### Work task
Please count how many lines in the entries below contain "Vintage" and reply with the figure alone.

### Data extract
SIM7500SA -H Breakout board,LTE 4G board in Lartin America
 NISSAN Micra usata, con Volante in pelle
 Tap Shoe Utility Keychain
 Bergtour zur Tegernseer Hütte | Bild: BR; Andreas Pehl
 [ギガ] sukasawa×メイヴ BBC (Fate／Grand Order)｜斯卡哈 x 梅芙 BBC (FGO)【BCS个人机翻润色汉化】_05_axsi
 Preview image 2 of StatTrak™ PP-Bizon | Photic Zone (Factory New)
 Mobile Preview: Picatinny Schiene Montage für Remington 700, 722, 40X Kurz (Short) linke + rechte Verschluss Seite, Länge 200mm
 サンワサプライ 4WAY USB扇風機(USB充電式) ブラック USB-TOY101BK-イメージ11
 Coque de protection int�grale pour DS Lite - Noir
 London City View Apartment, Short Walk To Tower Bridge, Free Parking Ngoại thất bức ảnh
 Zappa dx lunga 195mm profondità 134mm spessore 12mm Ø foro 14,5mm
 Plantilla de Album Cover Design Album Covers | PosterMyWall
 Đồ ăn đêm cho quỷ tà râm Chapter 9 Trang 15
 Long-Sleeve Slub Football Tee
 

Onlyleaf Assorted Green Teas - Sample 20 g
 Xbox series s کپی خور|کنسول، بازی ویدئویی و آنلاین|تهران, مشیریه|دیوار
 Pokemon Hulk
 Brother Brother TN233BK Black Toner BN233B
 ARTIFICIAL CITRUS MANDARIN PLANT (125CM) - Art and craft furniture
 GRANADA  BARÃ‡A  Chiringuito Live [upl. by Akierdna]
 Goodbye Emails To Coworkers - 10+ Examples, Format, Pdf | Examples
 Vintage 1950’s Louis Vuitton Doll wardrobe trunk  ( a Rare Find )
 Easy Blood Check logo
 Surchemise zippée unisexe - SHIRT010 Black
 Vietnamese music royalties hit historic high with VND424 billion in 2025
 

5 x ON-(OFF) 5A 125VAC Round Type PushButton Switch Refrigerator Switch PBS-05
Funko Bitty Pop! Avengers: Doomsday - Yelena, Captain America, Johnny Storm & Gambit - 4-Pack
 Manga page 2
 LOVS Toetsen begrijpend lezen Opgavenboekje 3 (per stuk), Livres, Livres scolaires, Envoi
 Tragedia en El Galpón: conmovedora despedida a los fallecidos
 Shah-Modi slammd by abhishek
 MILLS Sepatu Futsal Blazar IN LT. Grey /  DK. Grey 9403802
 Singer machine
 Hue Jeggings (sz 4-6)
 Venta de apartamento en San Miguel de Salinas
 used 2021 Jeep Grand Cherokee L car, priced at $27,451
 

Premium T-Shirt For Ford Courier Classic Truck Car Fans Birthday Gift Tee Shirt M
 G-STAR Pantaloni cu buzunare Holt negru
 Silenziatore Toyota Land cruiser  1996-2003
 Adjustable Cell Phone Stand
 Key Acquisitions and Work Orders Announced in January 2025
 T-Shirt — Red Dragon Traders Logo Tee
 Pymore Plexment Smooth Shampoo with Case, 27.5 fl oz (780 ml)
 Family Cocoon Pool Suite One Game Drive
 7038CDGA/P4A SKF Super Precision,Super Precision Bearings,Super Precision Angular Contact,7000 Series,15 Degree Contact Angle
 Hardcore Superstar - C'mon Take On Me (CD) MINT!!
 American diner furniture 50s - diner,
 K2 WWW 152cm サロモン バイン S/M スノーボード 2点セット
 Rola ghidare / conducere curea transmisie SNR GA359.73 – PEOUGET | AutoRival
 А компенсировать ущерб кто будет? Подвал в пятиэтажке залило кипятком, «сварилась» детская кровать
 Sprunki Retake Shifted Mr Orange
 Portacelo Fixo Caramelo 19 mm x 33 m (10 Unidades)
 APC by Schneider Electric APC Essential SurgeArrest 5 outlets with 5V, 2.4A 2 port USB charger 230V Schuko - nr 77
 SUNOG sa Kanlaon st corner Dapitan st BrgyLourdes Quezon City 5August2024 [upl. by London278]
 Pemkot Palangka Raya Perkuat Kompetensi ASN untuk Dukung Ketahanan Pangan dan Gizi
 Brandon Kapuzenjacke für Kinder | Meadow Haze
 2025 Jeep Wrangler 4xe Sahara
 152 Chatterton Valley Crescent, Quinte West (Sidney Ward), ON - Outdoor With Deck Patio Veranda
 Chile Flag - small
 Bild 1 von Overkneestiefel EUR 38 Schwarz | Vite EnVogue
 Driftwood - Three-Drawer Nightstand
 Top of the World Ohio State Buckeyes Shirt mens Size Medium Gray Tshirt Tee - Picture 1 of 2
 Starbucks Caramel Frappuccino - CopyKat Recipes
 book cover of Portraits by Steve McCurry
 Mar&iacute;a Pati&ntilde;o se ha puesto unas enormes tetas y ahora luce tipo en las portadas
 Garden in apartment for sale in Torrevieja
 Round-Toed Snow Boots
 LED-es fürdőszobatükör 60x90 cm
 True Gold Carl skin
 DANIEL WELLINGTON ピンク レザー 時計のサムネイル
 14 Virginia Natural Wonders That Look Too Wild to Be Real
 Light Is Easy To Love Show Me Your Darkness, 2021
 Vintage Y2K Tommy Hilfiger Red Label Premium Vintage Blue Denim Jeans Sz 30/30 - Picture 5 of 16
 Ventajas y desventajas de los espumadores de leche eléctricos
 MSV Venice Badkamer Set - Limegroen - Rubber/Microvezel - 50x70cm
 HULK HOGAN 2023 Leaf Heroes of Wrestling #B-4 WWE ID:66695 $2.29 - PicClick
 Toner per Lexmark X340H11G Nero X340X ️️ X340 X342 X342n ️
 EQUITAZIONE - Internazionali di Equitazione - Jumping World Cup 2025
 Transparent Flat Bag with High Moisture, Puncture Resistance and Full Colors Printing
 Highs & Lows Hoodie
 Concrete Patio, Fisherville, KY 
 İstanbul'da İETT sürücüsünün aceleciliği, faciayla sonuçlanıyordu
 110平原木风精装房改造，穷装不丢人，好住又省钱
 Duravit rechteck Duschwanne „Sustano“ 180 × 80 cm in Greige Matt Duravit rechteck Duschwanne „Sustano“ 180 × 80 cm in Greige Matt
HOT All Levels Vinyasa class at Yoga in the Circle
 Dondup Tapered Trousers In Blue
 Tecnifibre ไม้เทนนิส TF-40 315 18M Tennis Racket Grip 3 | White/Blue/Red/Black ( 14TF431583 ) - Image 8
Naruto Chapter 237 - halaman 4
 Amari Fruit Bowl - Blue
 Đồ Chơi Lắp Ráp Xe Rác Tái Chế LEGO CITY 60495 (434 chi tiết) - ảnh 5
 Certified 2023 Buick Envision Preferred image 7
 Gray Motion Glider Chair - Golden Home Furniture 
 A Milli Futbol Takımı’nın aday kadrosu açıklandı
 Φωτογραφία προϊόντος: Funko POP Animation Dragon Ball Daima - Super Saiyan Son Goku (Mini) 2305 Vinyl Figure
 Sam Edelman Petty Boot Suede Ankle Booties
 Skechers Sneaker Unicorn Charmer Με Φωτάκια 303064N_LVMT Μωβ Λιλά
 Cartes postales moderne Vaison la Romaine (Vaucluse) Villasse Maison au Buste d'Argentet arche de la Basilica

### Response
2